Bitcoin’s price rally past $118,000 triggered one of the biggest short squeezes of the year, catching bearish traders off guard and accelerating the move.
Over a 24-hour window, around $1.13 billion in crypto positions were liquidated, with roughly $1.01 billion coming from short sellers. This marked the most significant short-side flush reported for 2025 at the time of the move.
What happened: a liquidation cascade
Liquidations occur when leveraged positions can’t meet margin requirements. When price rises sharply, short positions are forced to buy back (cover), which can create a feedback loop: forced buying pushes price higher, triggering more liquidations.
Futures frenzy: BTC led the charge
The sharp move was driven by Bitcoin futures, accounting for nearly $590 million in liquidations, followed by Ethereum (ETH) futures at about $241 million. Data trackers also showed a rapid jump in derivatives activity, with open interest rising sharply within hours and positioning flipping more long-heavy.
The sudden momentum left many traders scrambling to cover shorts, adding further upward pressure as forced buy orders hit the market.
Nearly 237,000 traders liquidated
Based on CoinGlass figures cited at the time, roughly 237,000 traders saw positions closed out.

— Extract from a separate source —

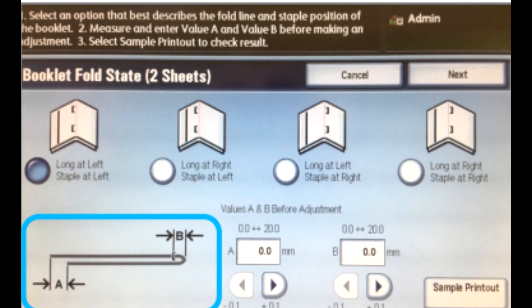Touch Sample Printout, select Paper Supply, select the tray that contains the paper for the booklets, touch Save. Press the green print button on the control panel. When printing completes, touch Close. Collect the sample print and check the staple and fold positions.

The largest single liquidation reported was an $88.5 million BTC‑USDT short on HTX.
Exchanges hit the hardest
- Bybit recorded the largest share with about $461 million in liquidations, with over 93% attributed to shorts.
- Binance and HTX followed, with about $204 million and $193 million in total liquidations, respectively.
How short liquidations can amplify rallies
A short position profits if price falls. But if price rises, losses can grow quickly—especially with leverage. To limit risk, exchanges automatically close positions once margin thresholds are breached. That forced close typically executes as a market buy, which can:
- Increase immediate spot and/or futures buying pressure
- Push price into other traders’ stop-loss and liquidation levels
- Drive a rapid, self-reinforcing “short squeeze”
Broader market optimism lifted altcoins
Bitcoin’s move happened alongside broader risk-on sentiment across crypto markets, supported by factors traders were watching closely:
- Policy and regulatory signals (including ongoing debate around market structure and oversight)
- Strength in tech equities, which often correlates with crypto risk appetite
- ETF flow narratives that can influence expectations for demand
Other large-cap tokens such as XRP, Ethereum, Dogecoin, and Solana (SOL) also posted gains (reported up to ~5% in the same window), contributing to a broader upswing.
EU angle: what this highlights for European traders
For readers in the EU, this episode underscores how quickly leverage can reshape market moves—especially on perpetual futures and high-leverage products. While the EU’s MiCA framework is raising the bar for crypto-asset service providers operating in Europe, many derivatives venues used by EU residents may be based outside the EU or offered via cross-border arrangements.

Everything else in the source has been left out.